4 min read


A Halloween short story I wrote for Portland Monthly Magazine.
The image is of four young girls wearing white dresses, white veils over red wigs, pink blush smeared over white foundation, and bright red smeared lipstick: the Halloween costume of the laughing ghost.

She could not have known she would inspire hundreds of schoolgirls over the years to trick-or-treat door-to-door costumed in long white dresses, strawberry blonde wigs flaring out of lace veils, faces streaked in pink blush over clown-white foundation, and laughing lips smeared in blood-red lipstick.

She could not foresee a future where impersonators would distort her laugh into a wild cackle echoing through the streets on Halloween. Those of you from my hometown will know I am referring to the legendary Laughing Ghost that haunts the ten-acre St. Joseph Cemetery on the hill overlooking the village center.

I am not asking for your sympathy for a spirit. I am talking here about my mother.

In 1951, after a beer bottle spun out of the graveyard darkness and shattered spectacularly in the headlights of his Buick Special, Monsignor Kevin McKenna resolved to permanently halt the nocturnal nonsense going on in St. Joseph Cemetery. He ordered a fence built “to respectfully enclose the Holy and Consecrated Grounds honoring the Saints awaiting Resurrection within.” Completed in 1953, it remains an impressive enclosure: black wrought-iron bars ten feet high topped with sharp fleur-de-lis crosses. The front gate is twenty feet high, two lanes wide, and swings on massive hinges that cry out when opened. The barrier was, coincidently, a godsend to a good Catholic contractor who surrounded the cemetery with modest houses built with their backyards against this formidable palisade. These homeowners lived simple lives enjoying their flowerbeds, patios, and lawns without thought to the tombstones and monuments among the solemn oaks visible through metal stripes on the hill behind their homes.

At some point in the 1970s, my mother thought it important to create a standard style to get her comfortably into her later years. She decided on white flats, a long white flowing linen dress, and hair “rinsed” a color red not seen in nature and held in place with a 1950s headband for socializing or for solemn occasions covered by a lace veil held in place with bobby pins. She readily embraced the facial cosmetics recommended especially for her by the young women at the perfume counter at Weinstock's.

Around noon or later, my mother emerged daily from her toilette, face made up like a silent film star, lit cigarette in hand, and dressed in her habit to address the day. She believed this outfit worked well enough in daylight and even better in the evening when she entered the VFW hall for a little drink. This may seem eccentric, even sadly vain, but my mother grew up isolated on a small farm, married at 18, was a mother at 19, a homemaker for thirty-odd years, and then widowed with two grown natural children living hundreds of miles away, and me, the bachelor son checking on her once in a while. A woman living alone could have worse faults than being concerned about appearance.

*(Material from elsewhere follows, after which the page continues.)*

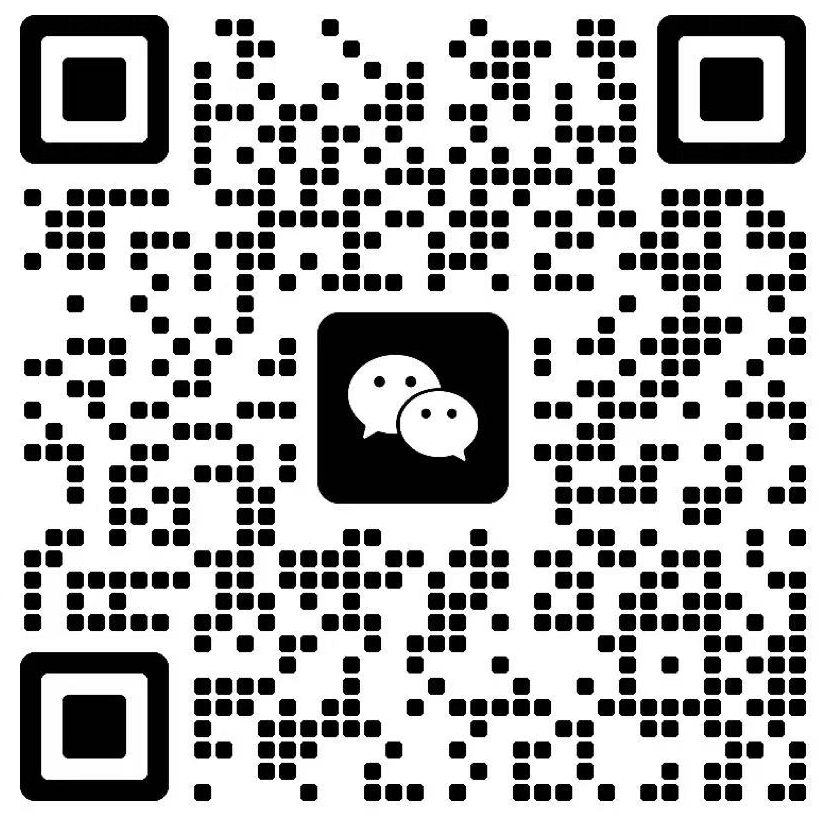 wechat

My mother considered herself devout. She was certainly faithful in her belief that signs did not apply to a woman of her stature. When she walked through the gate of St. Joseph Cemetery with an armful of daisies to lay on my father’s grave on the day before All Saints’ Day, that is, All Hallows’ Eve, the large sign that read “GATE LOCKED AT SUNSET” meant nothing to her. It was 5:50 pm, and the sky overhead was orange with sundown. My mother took her time at my father’s headstone. She prayed, or smoked, which to her are the same as both require contemplations.

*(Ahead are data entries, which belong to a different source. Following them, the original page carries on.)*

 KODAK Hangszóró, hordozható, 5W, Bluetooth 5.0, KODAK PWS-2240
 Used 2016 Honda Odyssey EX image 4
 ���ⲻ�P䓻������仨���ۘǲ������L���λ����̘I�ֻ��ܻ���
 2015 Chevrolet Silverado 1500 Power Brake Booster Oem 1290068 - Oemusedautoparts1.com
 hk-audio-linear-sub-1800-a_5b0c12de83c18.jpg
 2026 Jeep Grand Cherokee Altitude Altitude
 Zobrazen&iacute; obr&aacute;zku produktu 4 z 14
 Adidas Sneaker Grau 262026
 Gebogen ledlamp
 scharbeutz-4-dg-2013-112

The Groundskeeper closed the gate with a heavy chain and went home. When my mother found it locked, she went to the nearest backyard where a teenage girl removed sheets from a clothesline in the darkening twilight. My mother gripped the wrought iron with both hands and called out, “Excuse me. I can’t get out.” The girl screamed and ran into her house. My mother screamed and ran back into the murk.

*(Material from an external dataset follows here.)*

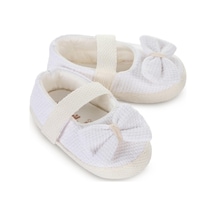 Civil Baby 17- Patik - Beyaz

So the legend began as my mother went from backyard to backyard calling through the bars from the gloom, “Help. I am locked in.” or, “I can’t get out. Please help.” Her victims shrieked, froze like statues, or dropped their beers and ran. My mother retreated back into the shadows laughing out loud at herself, at her situation, and at the faces of those sure they had seen a ghost.

My mother would love to tell you more, would love to smile flirtatiously as she told you how she was rescued by the handsome graveyard caretaker who moved into her house a month later, but unfortunately, she can no longer remember what happened. The past is vague and distant to her, and when she tries to remember specific things that happened, it feels funny to her and she laughs, though she cannot tell you why.

She still lives independently, a woman of substance and propriety. When Halloween comes around and costumed children come to her door seeking treats it is inevitable she will answer her door to see before her the painted faces and red-wigged heads of a cadre of young girls dressed as laughing ghosts guffawing shrilly and calling out, "Trick or treat." My mother laughs with them and drops candy into their outstretched bags. I am usually there on this holiday and she has never mentioned that the girls are dressed similarly to her. She has said, with a sigh of resignation, "Young girls nowadays can be quite cavalier with lipstick."